Бакунин есть еще более наглядное воплощение тех же самых противоречий. Он умер накануне наступления террористической эпопеи[58]
. Впрочем, он заранее осудил индивидуальный террор, разоблачая «Брутов своей эпохи». Вместе с тем он испытывал к ним уважение и порицал Герцена за открытую критику неудавшегося покушения 1866 года Каракозова на царя Александра II. У этого уважения были свои причины. Бакунин, как и Белинский, и нигилисты, сыграл значительную роль в дальнейшем развитии событий, в частности в практике индивидуального бунта. Но он привнес и кое-что еще: зерно политического цинизма, которое прорастет в учении Нечаева и доведет революционное движение до логического завершения.Едва расставшись с юностью, Бакунин познакомился с философией Гегеля и был ею потрясен, как будто столкнулся с чудом. Он читал Гегеля сутками напролет, до умопомрачения, «ничего другого не видя, кроме категорий Гегеля». Из этой инициации он выходит с экзальтацией неофита: «Мое личное «я» умерло навсегда, только теперь я живу истинной жизнью, которая в некотором смысле тождественна науке абсолюта». Ему потребовалось совсем немного времени, чтобы заметить, чем опасна столь удобная позиция. Тот, кто понял суть реальности, не восстает против нее, а радуется ей: вот вам готовый конформист. Ничто в Бакунине не предрасполагало к этой философии цепного пса. Возможно также, что его поездка в Германию и дурное впечатление, произведенное на него немцами, помешали ему вслед за стариком Гегелем признать, что лучшим хранителем сущностей духа является Прусское государство. Человек более русский, чем сам царь, – несмотря на мечты о мировом единстве, – он никак не мог согласиться с восхвалением Пруссии, основанным на логике высокомерия: «Воля других народов не должна приниматься во внимание, поскольку народ, наделенный этой волей, главенствует над миром». С другой стороны, в 1840-е годы Бакунин открывает для себя французский социализм и анархизм и заимствует некоторые тенденции. Как бы там ни было, Бакунин с негодованием отвергает немецкую идеологию. Он так же страстно стремился к абсолюту, как позже будет стремиться к полному разрушению, к яростному «все или ничего», и у него эта ярость разрушения представлена в чистом виде.

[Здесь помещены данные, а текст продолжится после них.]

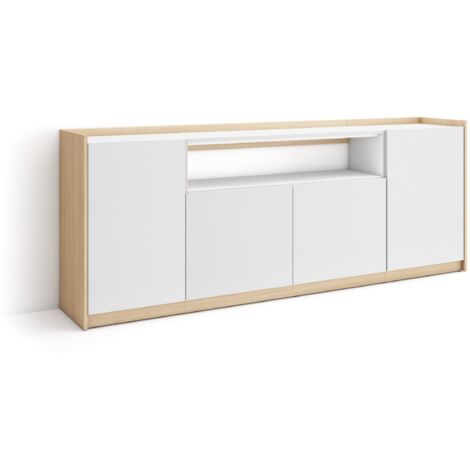 Skraut Home - Sideboard, Highboard, Kommode, 207x37x80cm, 4 Türen, Wohnzimmer, Küche, Weiß und Eiche Soft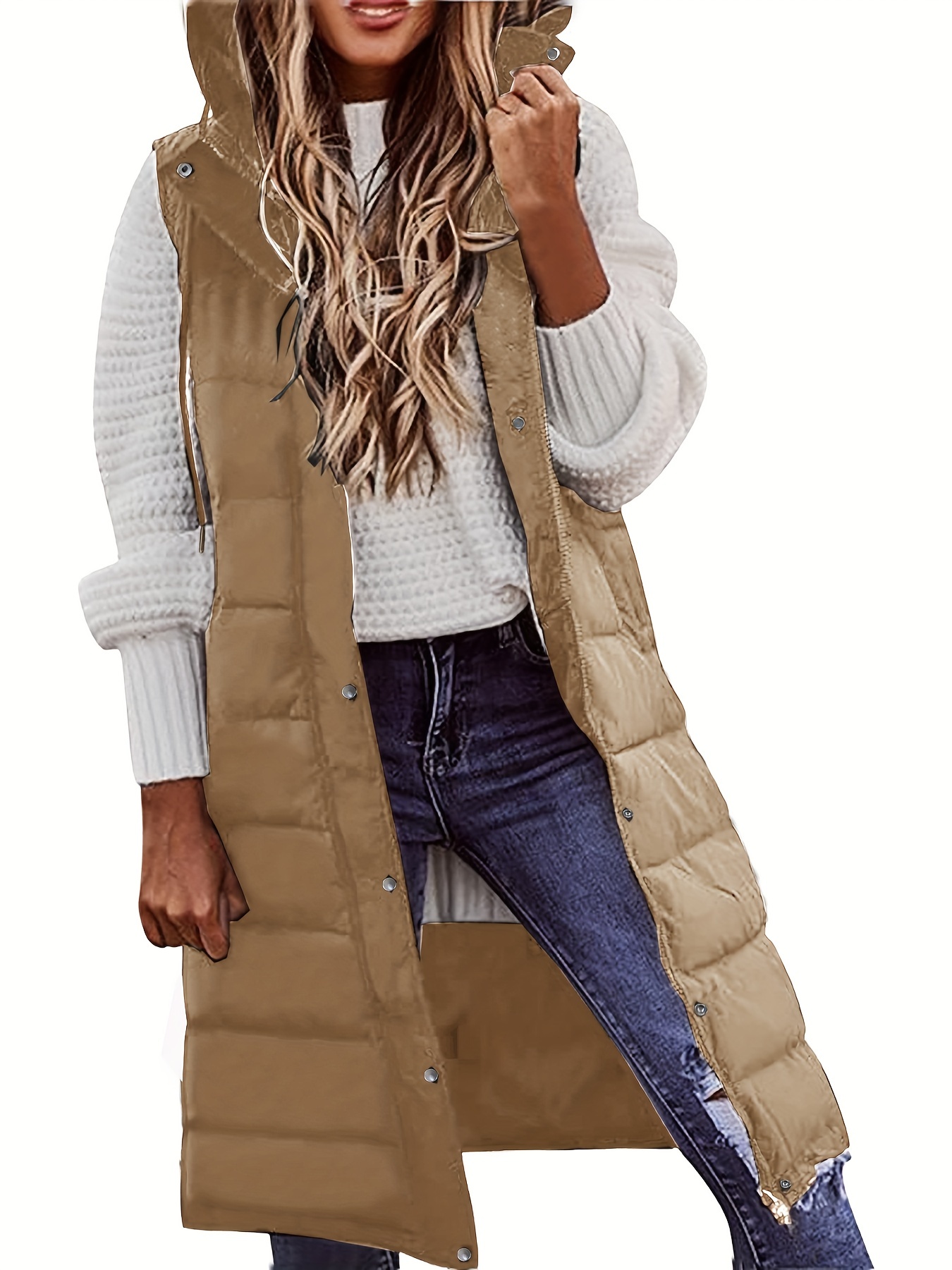 hooded sleeveless coat casual long length versatile winter warm outerwear womens clothing details 19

Отдав дань восхищения абсолютному Единству, Бакунин погружается в самое примитивное манихейство. Судя по всему, он жаждет, чтобы воздвиглась «Вселенская и подлинно демократическая Церковь свободы». Это его религия, а он сын своего века. Впрочем, он не уверен, что его вера достаточно всеобъемлюща. Он, как нам представляется, вполне искренен, когда в «Исповеди», обращенной к Николаю I, пишет, что никогда до конца не верил в финальную революцию, а если и верил, то лишь ценой «сверхъестественных и тяжких усилий», заглушая внутренний голос, настойчивым шепотом твердивший ему о «бессмысленности надежд». Напротив, теоретический имморализм в нем непоколебим, и мы видим, как он в нем прямо-таки купается с животным наслаждением и органичностью. Историей движут всего два начала: государство и социальная революция, революция и контрреволюция, и они не просто непримиримы, они ведут между собой смертельную борьбу. Государство – это преступление. «Даже самое малое и безобидное государство преступно в своих вожделениях». Следовательно, революция – это благо. Борьба этих двух начал, выходящая за рамки политики, – это одновременно борьба сатанинских начал против божественного начала. Бакунин осознанно вводит в проблематику революционного действия одну из тем романтического бунта. Еще Прудон утверждал, что Бог есть Зло, и призывал: «Гряди, Сатана, оболганный нищими и королями!» Одновременно Бакунин подчеркивает глубину бунта, имеющего внешние признаки политического. «Нам говорят, что Зло – это сатанинский бунт против божественной власти, а мы видим в этом бунте плодотворную завязь всех человеческих свобод. Подобно Богемским братьям XV века, революционеры-социалисты узнают сегодня друг друга по призыву: «Во имя того, кто претерпел великий урон».